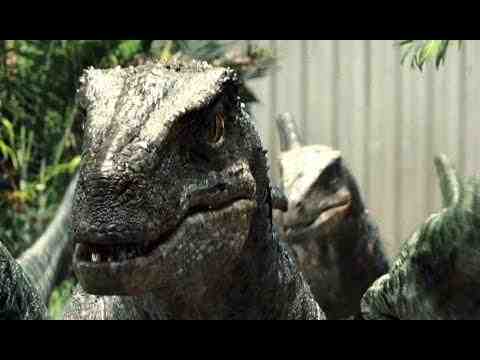 Jurassic World - Featurette 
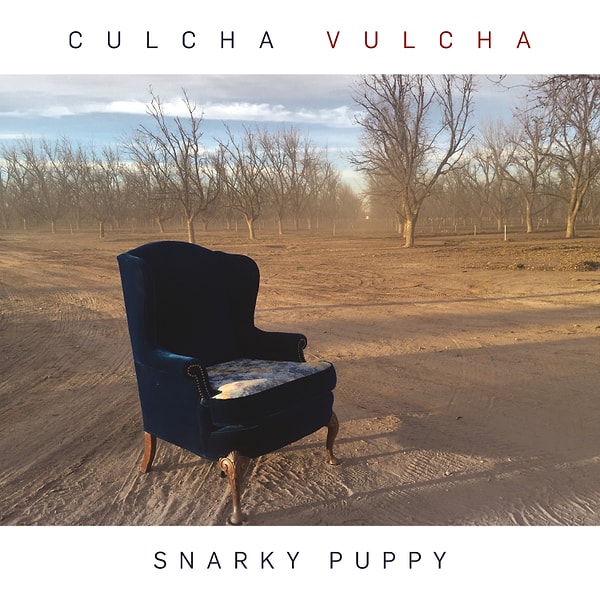 2. Snarky Puppy - Culcha Vulcha (2016)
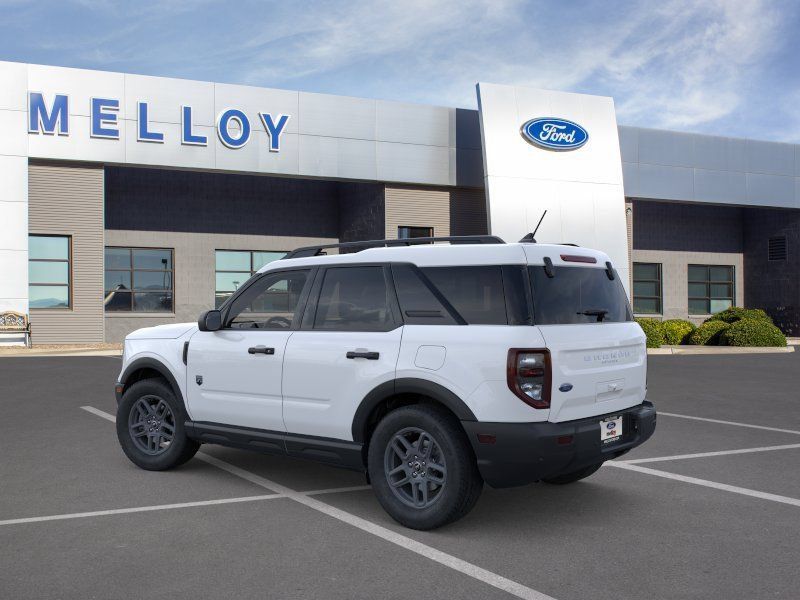 New 2026 Ford Bronco Sport Big Bend AWD/4WD image 4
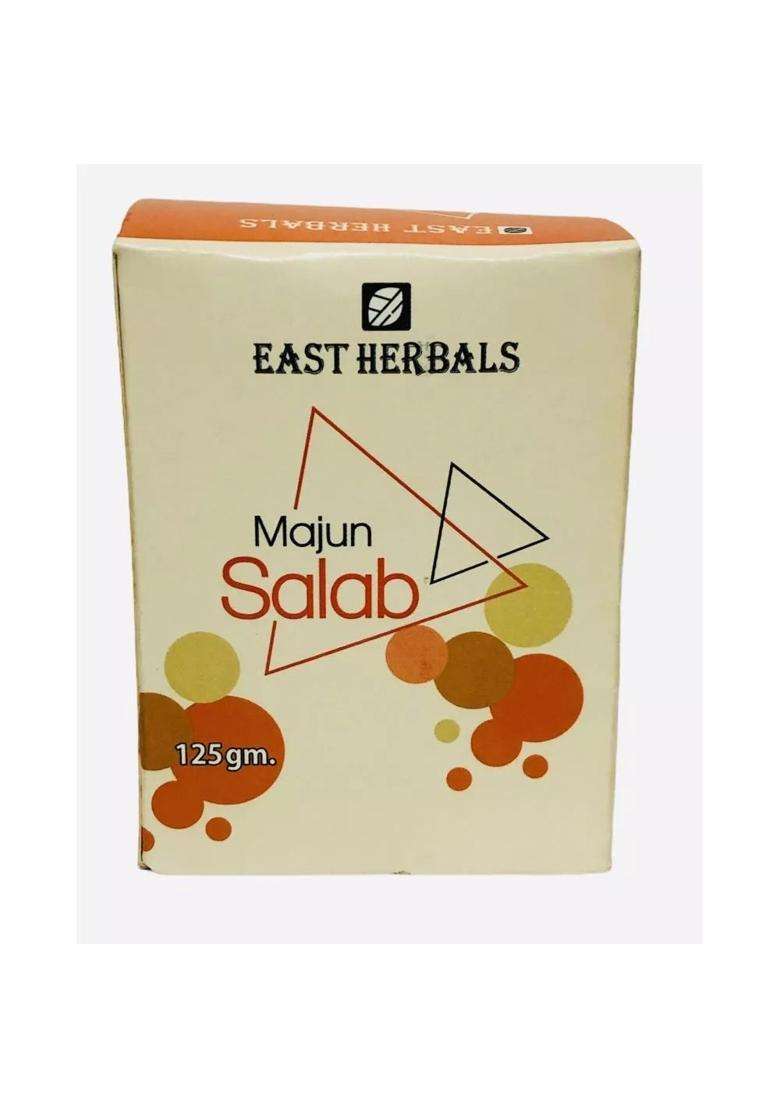 East Herbals Majun Salab Pack Of 5 - Indya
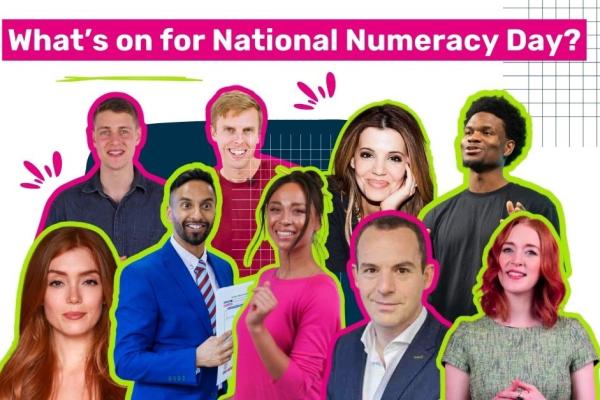 What's happening for National Numeracy Day 2024? | National Numeracy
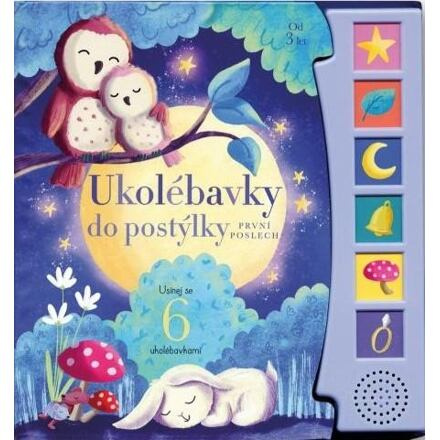 Ukolébavky do postýlky - První poslech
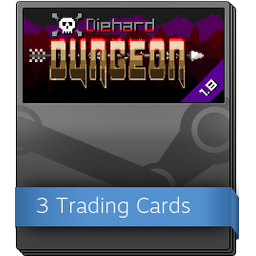 Diehard Dungeon Booster Pack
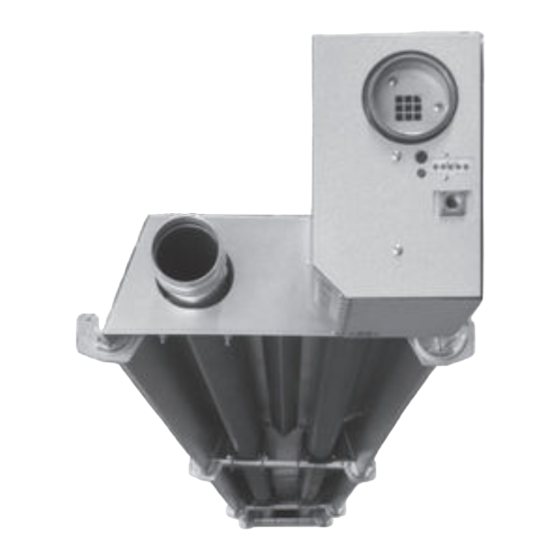 Mark INFRA 15-5+ Mounting Instruction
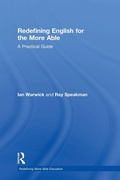 Cover: Redefining English for the More Able - Routledge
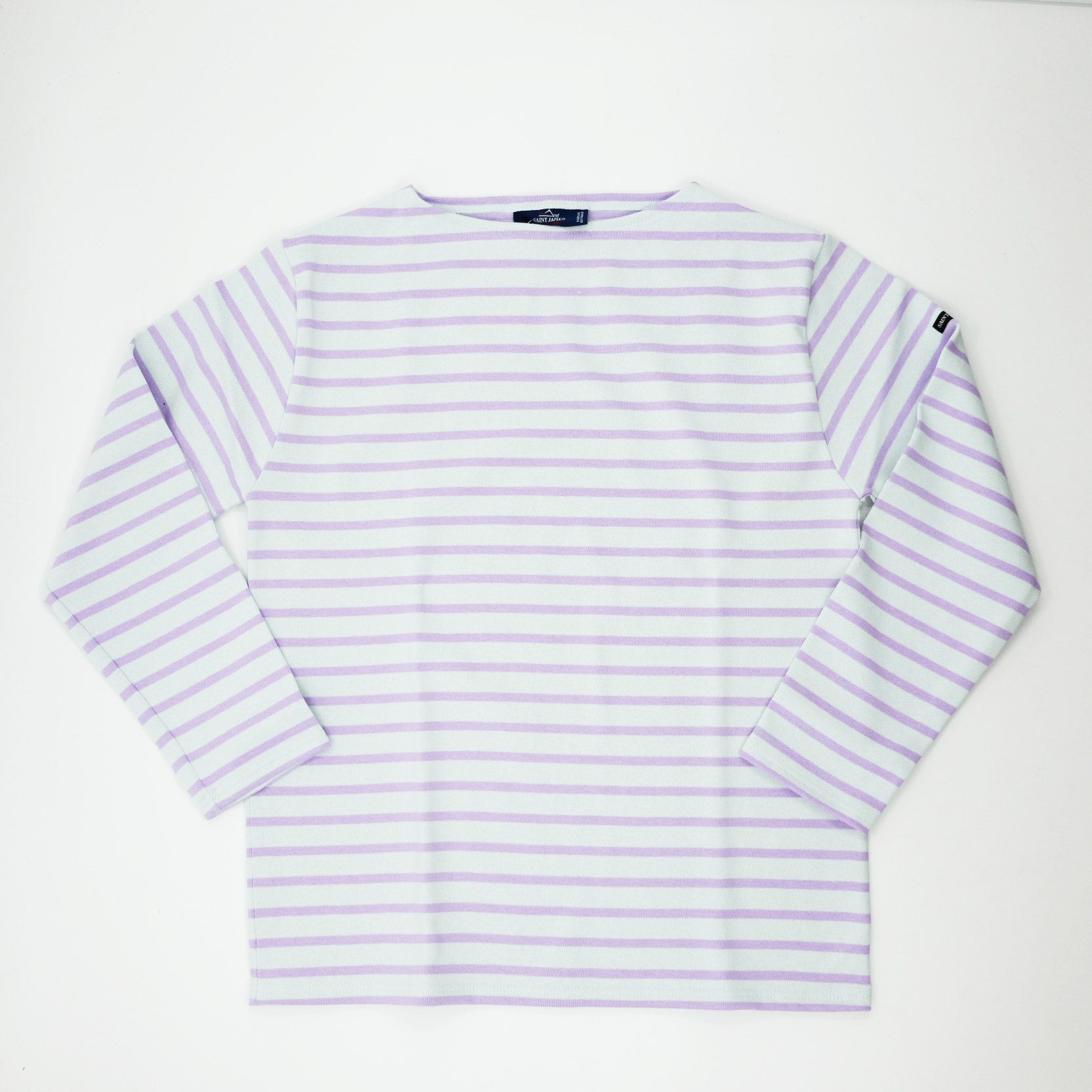 saint james OUESSANT BORDER セントジェームス ウェッソンボーダー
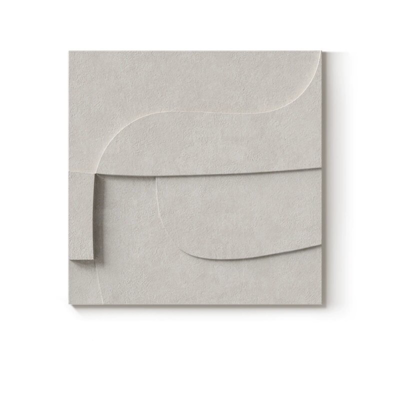 Rich in detail Modern Mixed Media Painting on Canvas Wall Art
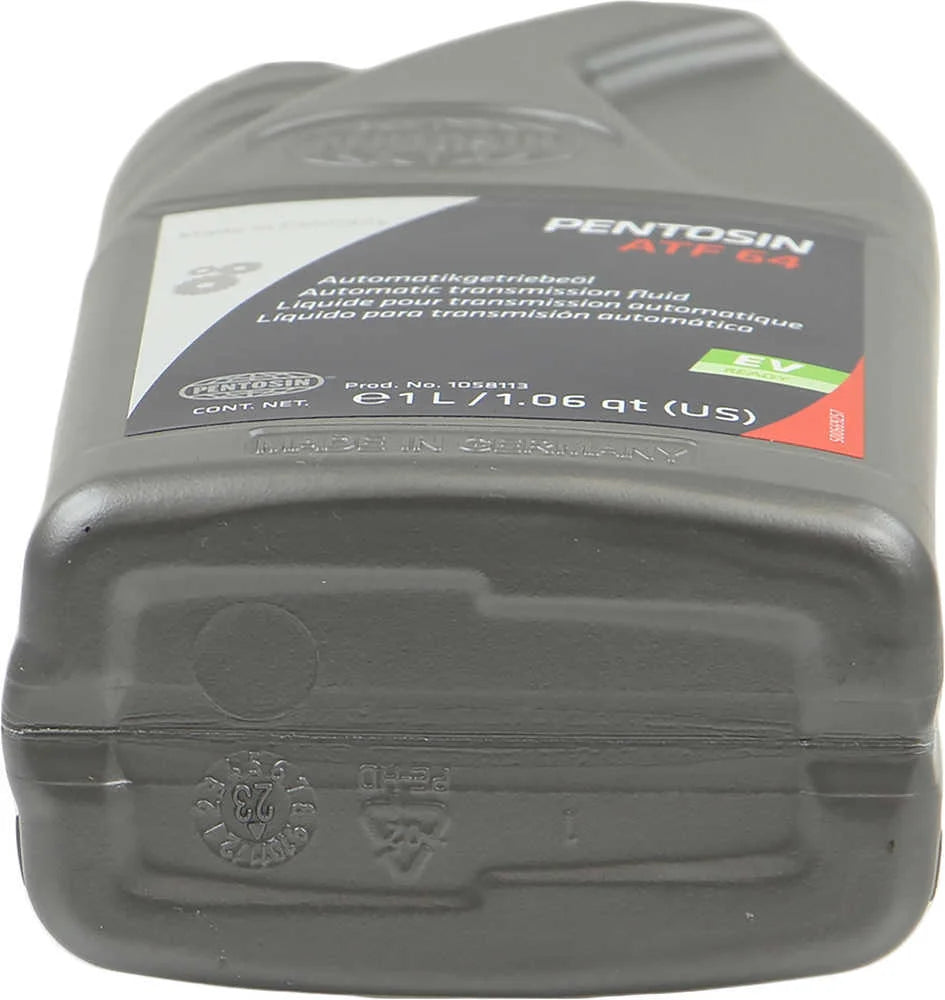 Pentosin ATF 1058113 fits 2010-2024 Audi / BMW / Mini - Back View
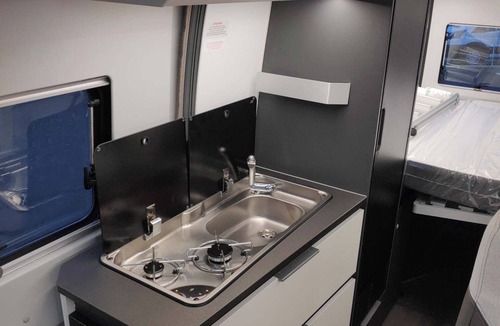Boreti House | Camper Montenegro - Recreational Vehicles - Adria Twin Sport 600SPB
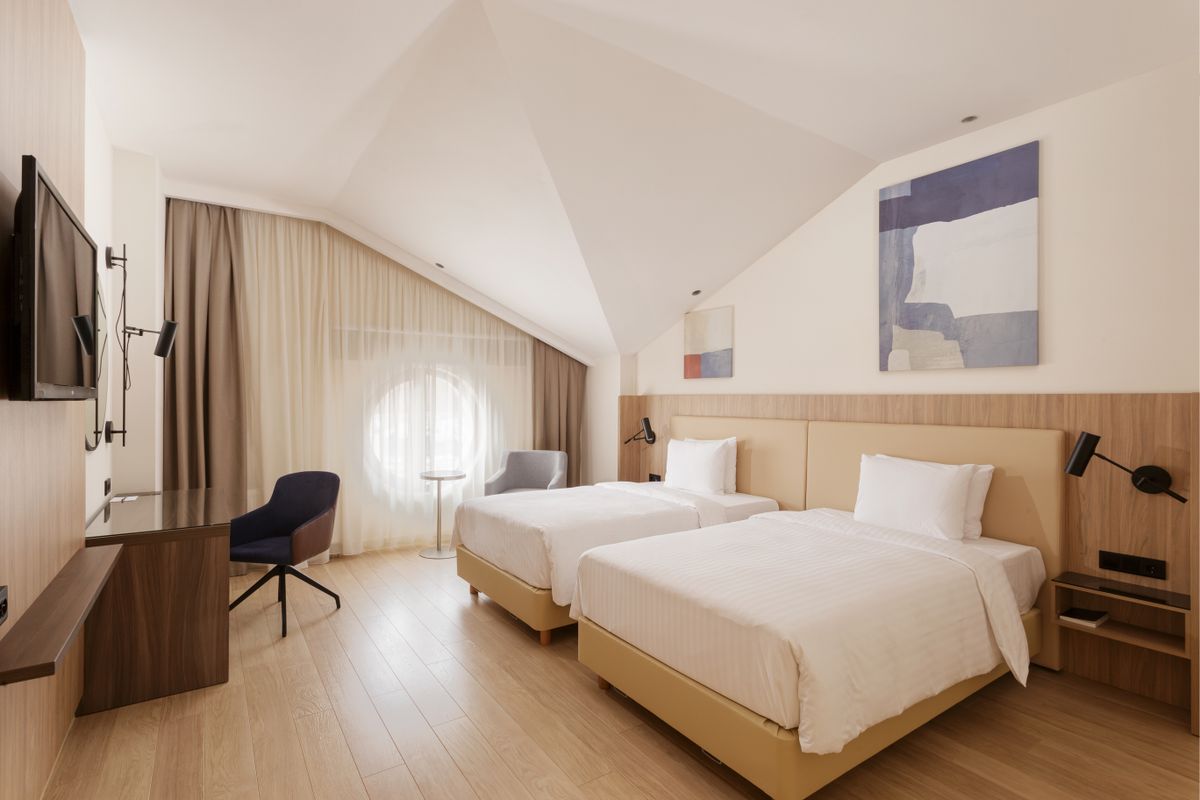 Courtyard Marriott Sochi Krasnaya Polyana фото 102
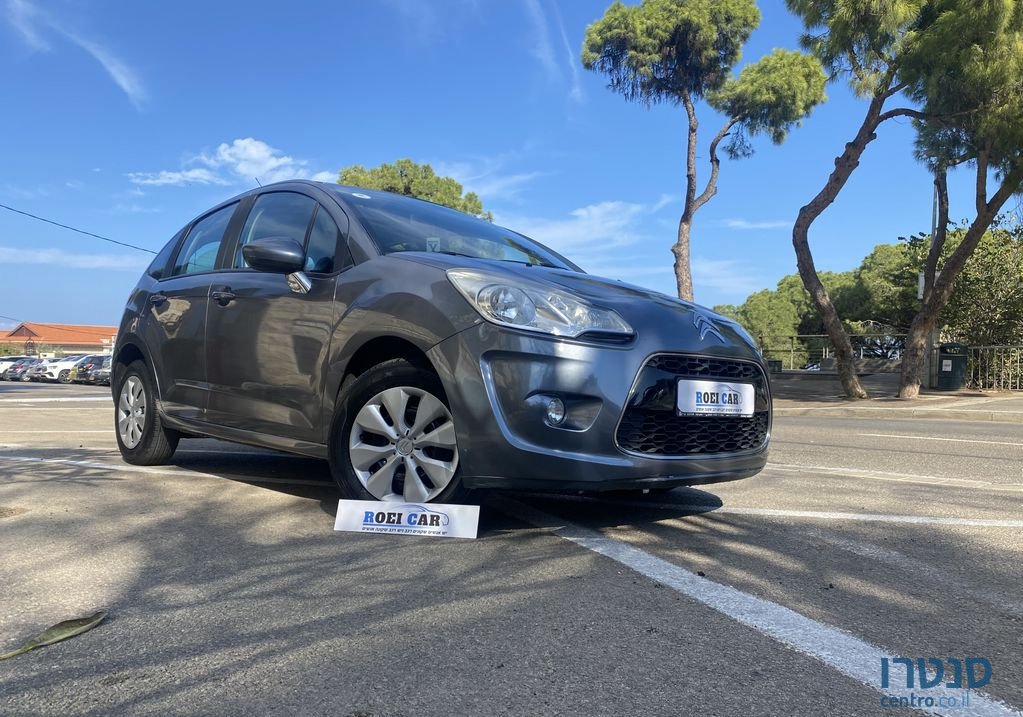 2012' Citroen C3 סיטרואן photo #1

******************************

Assignment
This task calls for the records to be copied exactly, without pictures.

Result for this task
 Jurassic World - Featurette 
 2. Snarky Puppy - Culcha Vulcha (2016)
 New 2026 Ford Bronco Sport Big Bend AWD/4WD image 4
 East Herbals Majun Salab Pack Of 5 - Indya
 What's happening for National Numeracy Day 2024? | National Numeracy
 Ukolébavky do postýlky - První poslech
 Diehard Dungeon Booster Pack
 Mark INFRA 15-5+ Mounting Instruction
 Cover: Redefining English for the More Able - Routledge
 saint james OUESSANT BORDER セントジェームス ウェッソンボーダー
 Rich in detail Modern Mixed Media Painting on Canvas Wall Art
 Pentosin ATF 1058113 fits 2010-2024 Audi / BMW / Mini - Back View
Boreti House | Camper Montenegro - Recreational Vehicles - Adria Twin Sport 600SPB
 Courtyard Marriott Sochi Krasnaya Polyana фото 102
 2012' Citroen C3 סיטרואן photo #1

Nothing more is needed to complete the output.